I spent Christmas with part of my family.
Christmas with the family has been so painful for all of us for so long, we've gone through all the stages of grief about it. First, it was denial - we tried to celebrate in spite of the horrors and the losses and the perpetual confrontation of what had happened. We had bargaining. Sorrow and Anger were frequent holiday guests. Suicide attempts and DUIs were the feature events, with visits to the emergency room and police station.
I tried to escape the family Christmas hell years ago: in an excellent Christmas decision, I visited Hans in the Netherlands for the first time over Christmas - and that was when I agreed to be his girlfriend. He cooked dinner for me and took me to see the windmills at Kinderdijk. It was so lovely. Two years ago, I joined Eve's family in Venice over Christmas: in the middle of the crushing depression left in the wake of Sjors' decisions and the loss of Hans.

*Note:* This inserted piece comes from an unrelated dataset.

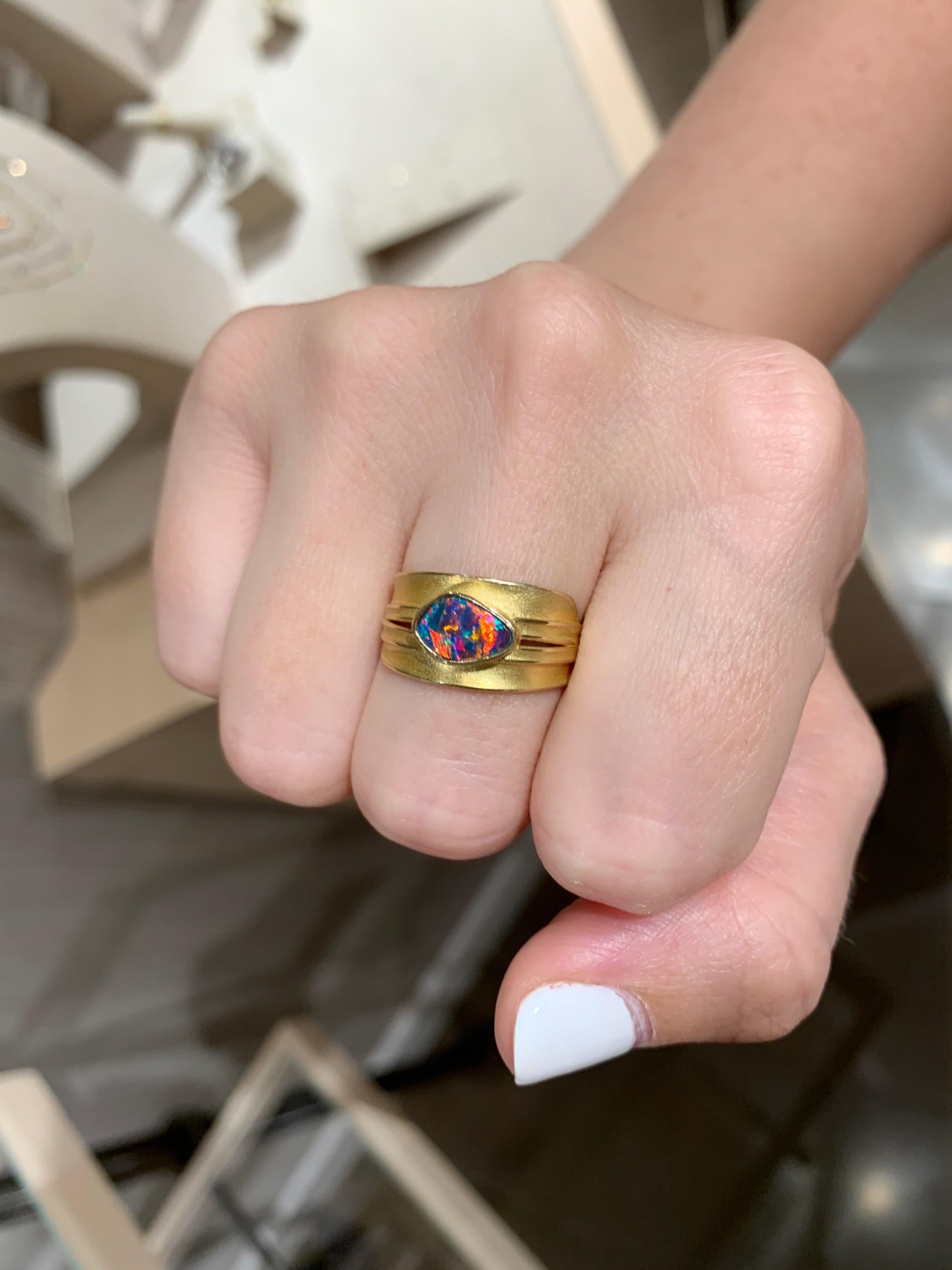 One of a Kind Ring hand-fabricated in matte and high-polished 18k yellow gold by award-winning jewelry designer Barbara Heinrich showcasing a stunning 0.68 carat irregular-shaped gem opal doublet with strong red fire and rainbow flash, bezel in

In spite of the suffering, that midnight mass in Murano with Eve remains one of my favorite memories. Last year, I was in Gabon teaching analysis until days before Christmas, and I returned to Pozzuoli completely exhausted. I hadn't escaped the season, though, and I spent the day on the couch, Skyping people and wishing them happy holiday and feeling like shit. I promised myself that I would never make such a pathetic mess of the holiday again. There are many things about the holiday I disapprove of - but you shouldn't spend it alone unless you do it with a bottle of bourbon and a shotgun and bad intentions.
Christmas this year marks a new phase in the family grief: acceptance. We don't try to make it more than it is. We don't try to put meaning on a tragedy that will never have any meaning. Lee is in Rehab; M is pregnant and considering abortion; Jane is divorced; I've lost the potential for a family of my own. I've lost the only two men in the world I've ever deeply loved, I've been slandered and lost my job. But, for god knows what reason, we don't seem to give a collective shit anymore.
There's something to be said for realizing that the happy ending will never occur. It can be a miserable life if you think you were somehow entitled to happiness - that you deserve it. I thought that I would be able to keep the man I loved more than my life. I thought we would have a family together. It was so real, so close to me that I lived it. And now it is gone.
I had no more right to happiness than anyone else. There are people who have it far worse. I didn't deserve what happened to me. But I also didn't deserve happiness. When you look at it that way, we can all sit around and open presents and eat crepes and just be grateful for the things that went right.